How can I access previous versions of full datasets from AWS S3?

Overview

The updated Pennsieve Publishing Workflow (released and deployed in December, 2023) makes the storage of dataset assets more efficient, especially when multiple versions of a dataset are published. The efficient storage is an incremental and differential mechanism -- publishing and updating only the dataset assets that are new or changed across each dataset version. As such, the "view" of a published dataset when browsed directly on AWS S3 represents only the most recent version of the published dataset. All assets from previous versions of the published dataset are still present on AWS S3, but they are not directly visible or available for collective download.

In order to "view" or download a previous version of a published dataset directly from AWS S3, you must request the dataset to be temporarily restored, or rehydrated. The Request Rehydration is initiated from the Pennsieve Discover web application. When requested, the Pennsieve platform starts a job to extract the dataset version into an S3 Bucket. Depending on the size of the dataset, this can take up to 24hours. When the rehydration job completes, an email notification is sent from [email protected] with instructions on how to access the public dataset version. Rehydrated public datasets will remain available for 14 days.

Requesting Rehydration of a Public Dataset

Step 1: Click Get Dataset

When browsing a public dataset on Pennsieve Discover, click Get Dataset to download or gain access to the dataset assets directly on AWS S3. If the version of the public dataset is not the most recent, then you may Request Access.
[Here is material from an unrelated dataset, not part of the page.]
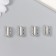 Fastener magnetic bicarry metal silver 0.6x1.5 cm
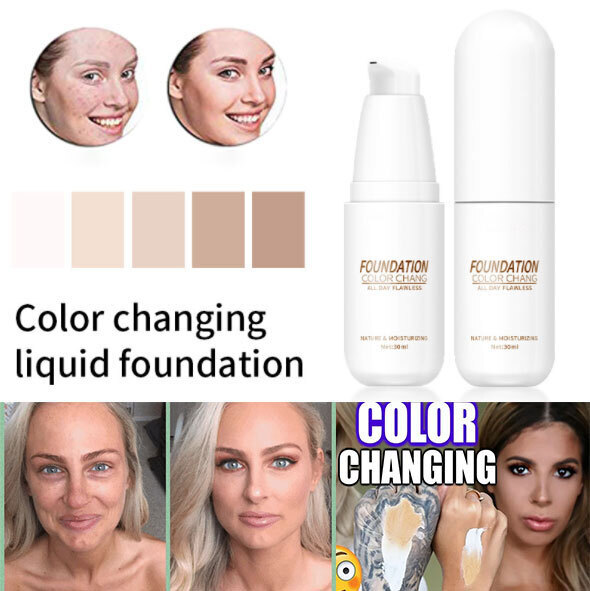 2021 for Best Color Changing Foundation🔥Buy 3 Get 2 Free🎁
Step 2: Click Request Rehydration

In the presented dialog, under Request Access to Download from AWS, click Request Rehydration.

Step 3: Submit Request

The Request Rehydration form will be presented. Enter your name and a valid email address. Once complete, click Submit and the request will be processed by the Pennsieve platform. Upon completion, you will receive an email notification from [email protected] with instructions on how to access the restored version of the public dataset. This process can take up to 24hrs to complete.